The DBSCAN algorithm creates overlapping clusters

Cluster (data analysis)

As Cluster (occasionally also Agglomerations) is a term used in computer science and statistics group of data objects with similar properties. The set of clusters found in a data set is known as Clustering, Method for calculating such a grouping as cluster analysis. Data objects that do not belong to a cluster are called outliersoutlier) or noise (Englishnoise).

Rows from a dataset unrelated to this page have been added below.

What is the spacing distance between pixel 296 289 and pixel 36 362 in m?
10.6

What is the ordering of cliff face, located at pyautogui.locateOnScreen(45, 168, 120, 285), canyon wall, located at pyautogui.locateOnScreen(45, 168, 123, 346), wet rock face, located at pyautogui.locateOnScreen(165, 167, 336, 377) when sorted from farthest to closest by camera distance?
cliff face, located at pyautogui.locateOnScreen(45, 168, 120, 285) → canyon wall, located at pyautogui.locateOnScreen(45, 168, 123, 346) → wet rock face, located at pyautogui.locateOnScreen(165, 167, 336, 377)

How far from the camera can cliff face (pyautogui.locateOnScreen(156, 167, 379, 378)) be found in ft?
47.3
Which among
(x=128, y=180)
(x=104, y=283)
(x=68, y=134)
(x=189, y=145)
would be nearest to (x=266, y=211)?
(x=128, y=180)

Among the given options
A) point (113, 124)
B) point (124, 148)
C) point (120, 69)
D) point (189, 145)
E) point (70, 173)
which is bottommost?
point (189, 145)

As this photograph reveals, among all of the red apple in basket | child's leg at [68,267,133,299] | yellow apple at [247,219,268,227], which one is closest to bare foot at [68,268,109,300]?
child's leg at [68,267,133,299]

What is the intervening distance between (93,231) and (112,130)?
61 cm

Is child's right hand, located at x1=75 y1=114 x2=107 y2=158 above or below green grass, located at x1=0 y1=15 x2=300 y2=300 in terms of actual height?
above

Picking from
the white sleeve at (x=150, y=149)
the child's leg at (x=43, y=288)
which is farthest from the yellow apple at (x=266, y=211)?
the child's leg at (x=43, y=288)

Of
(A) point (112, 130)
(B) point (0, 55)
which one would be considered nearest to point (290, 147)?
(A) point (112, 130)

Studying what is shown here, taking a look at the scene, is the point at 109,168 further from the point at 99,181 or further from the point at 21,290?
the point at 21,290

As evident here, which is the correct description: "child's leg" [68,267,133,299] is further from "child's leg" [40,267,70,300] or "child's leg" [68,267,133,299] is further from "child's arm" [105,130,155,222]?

The core idea of ​​a cluster is that objects in the same cluster have “similar” properties and are different from objects that are not in the same cluster.

Cluster membership

Models of clusters

Comparison of k-means and EM algorithm on an artificial data set, visualized with ELKI. By using variances, EM can accurately describe the different normal distributions, while k-means divides the data into unfavorable Voronoi cells.

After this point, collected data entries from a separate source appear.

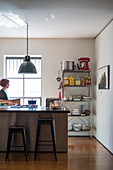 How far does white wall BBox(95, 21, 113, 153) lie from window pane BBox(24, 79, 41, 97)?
1.80 m

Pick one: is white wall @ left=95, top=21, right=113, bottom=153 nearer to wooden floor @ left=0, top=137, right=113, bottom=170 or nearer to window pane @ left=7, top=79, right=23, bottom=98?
wooden floor @ left=0, top=137, right=113, bottom=170

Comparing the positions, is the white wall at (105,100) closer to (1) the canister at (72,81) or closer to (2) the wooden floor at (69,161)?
(2) the wooden floor at (69,161)

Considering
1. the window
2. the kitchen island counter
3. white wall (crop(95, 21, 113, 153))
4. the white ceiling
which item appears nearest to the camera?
the white ceiling

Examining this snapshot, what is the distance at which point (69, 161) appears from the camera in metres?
4.04

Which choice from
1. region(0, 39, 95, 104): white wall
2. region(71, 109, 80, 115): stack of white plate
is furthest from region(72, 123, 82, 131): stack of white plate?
region(0, 39, 95, 104): white wall

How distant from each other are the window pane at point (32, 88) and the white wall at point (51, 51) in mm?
371

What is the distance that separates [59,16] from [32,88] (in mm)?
2757

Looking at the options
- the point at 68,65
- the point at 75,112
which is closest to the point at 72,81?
the point at 68,65

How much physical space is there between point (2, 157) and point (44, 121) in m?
1.09

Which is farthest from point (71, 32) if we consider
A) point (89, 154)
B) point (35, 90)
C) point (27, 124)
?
point (89, 154)

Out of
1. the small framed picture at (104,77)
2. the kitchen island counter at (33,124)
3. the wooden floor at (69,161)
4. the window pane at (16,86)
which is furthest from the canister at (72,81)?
the wooden floor at (69,161)

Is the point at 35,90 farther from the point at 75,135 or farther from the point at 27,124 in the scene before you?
the point at 27,124

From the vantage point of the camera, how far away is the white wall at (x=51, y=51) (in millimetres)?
6414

Different algorithms for cluster analysis often use different terms for clusters. This often leads to problems of understanding, since the results of one method need not be similar in the sense of another method.

The k-means algorithm describes clusters by their center points (or the Voronoi cells resulting from them), the EM algorithm describes clusters by the center point and a covariance matrix, while DBSCAN calculates "dense-connected" sets of any shape as a cluster.

Depending on the cluster term used, different structures may or may not be found. In the example shown here, the existing clusters cannot be found accurately by the k-means algorithm using its cluster model. The more complex model of the EM algorithm, on the other hand, is ideal for describing this data, since it was generated from a normal distribution.

Subspace cluster

As Subspace cluster is a term used to describe a cluster that is not conspicuous in all attributes or attribute combinations. Only when the data is appropriately projected can one recognize the higher similarity of the cluster objects compared to the others.

A distinction can be made between subspace clusters Axis-parallel clusters (based on a selection of attributes) and freely oriented Correlation Clusters.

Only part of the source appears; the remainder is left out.